Sadie suspiró suavemente. Lo que decía era cierto. En otras épocas habría aceptado lo poco que le daba y se habría considerado afortunada. Pero los tiempos habían cambiado.

—Vamos, nena. Libérate —dijo soñador, y empezó a desabrocharse del todo la camisa, sacándosela de los pantalones. Tenía el vientre pelado como el de un crío—. ¿Qué te parece si olvidamos lo que has dicho, nos acostamos y charlamos?

Estaba a punto de responderle cuando se abrió la puerta de la habitación número siete y entró el hombre de los ojos sentimentales, seguido de una mujer cuya cara hizo sonar unas campanillas en la memoria de Sadie.

—Agua helada —dijo Earl.

Sadie observó cómo atravesaba el cuarto. En Wichita Falls no había existido un hombre tan majestuoso como aquél, al menos ella no lo recordaba. De pronto, le entraron ganas de estar viva.

—¿Vas a desnudarte de una vez? — inquirió Buck.

—Ya voy, Buck. Por el amor de Dios, si tenemos toda la noche por delante.

—Soy Laura May Cade —dijo la mujer de la cara familiar al tiempo que colocaba el agua helada sobre la mesa.

«Claro —pensó Sadie, eres la pequeña Laura May.» La niña tendría cinco o seis años cuando Sadie estuvo en el motel la ultima vez; una cría extraña y reservada, llena de miradas furtivas. En los años transcurridos dede entonces había madurado físicamente, pero seguía conservando aquel aire extraño en los rasgos ligeramente descentrados.
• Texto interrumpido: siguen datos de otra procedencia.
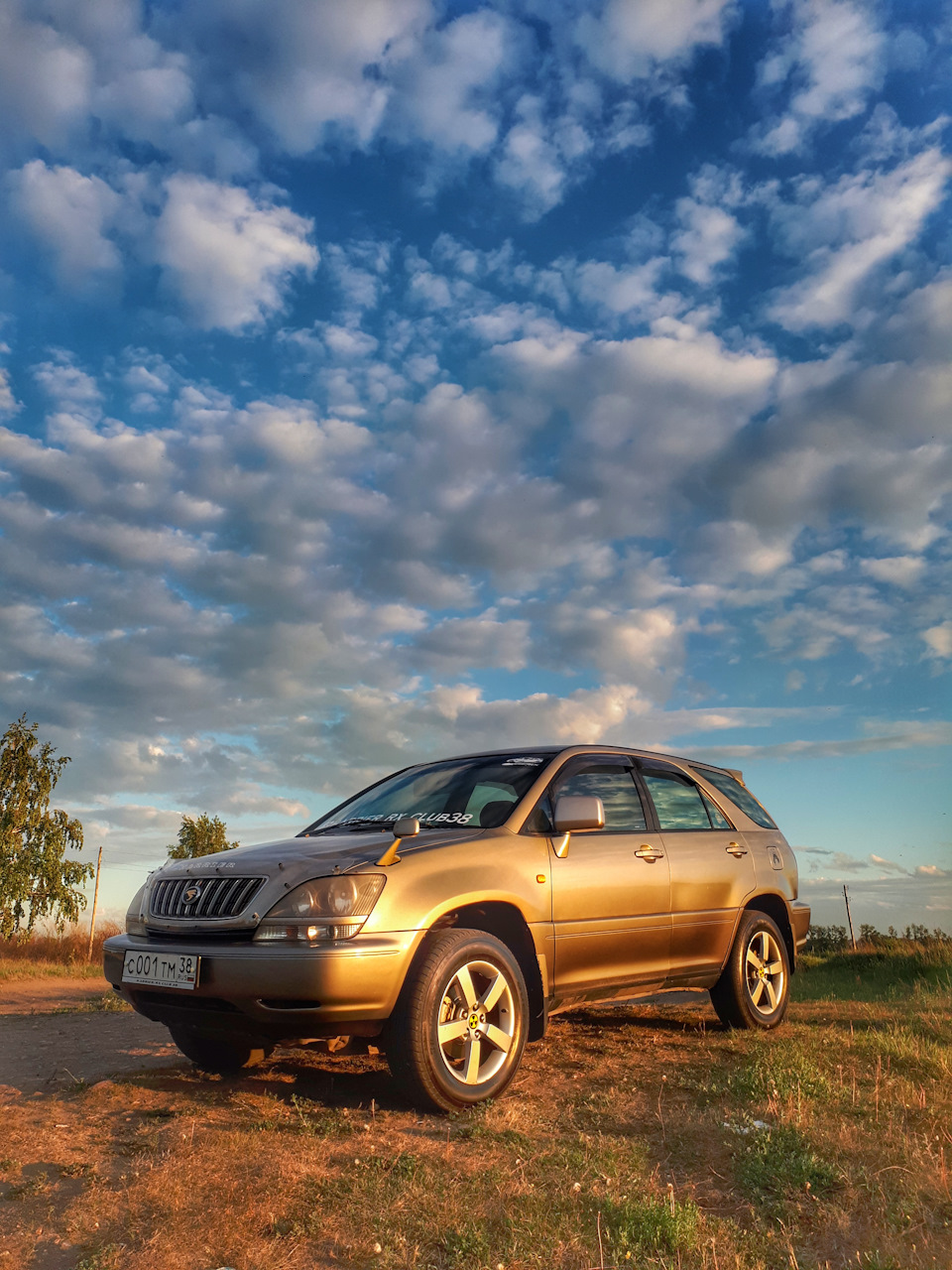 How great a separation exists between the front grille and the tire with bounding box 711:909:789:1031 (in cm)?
377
Sadie se volvió hacia Buck, que se encontraba sentado en la cama, desatándose los zapatos.

—¿Te acuerdas de la niña? — preguntó—. ¿A la que le diste veinticinco centavos para quitártela de encima?

—Sí, ¿qué pasa con ella?

—Está aquí.

—¿No me digas? — repuso sin ningún interés.

Laura May había servido el agua y se disponía a llevarle el vaso a Virginia.

—Es estupendo que hayan venido —dijo Laura May—. Por aquí no ocurren muchas cosas. De vez en cuando algún tornado…

Gyer le hizo una seña con la cabeza a Earl, quien sacó un billete de cinco dólares y se lo tendió a Laura May. La muchacha le dio las gracias, diciendo que no hacía falta que se molestara, y aceptó el dinero. Pero no iban a sobornarla para que se marchara.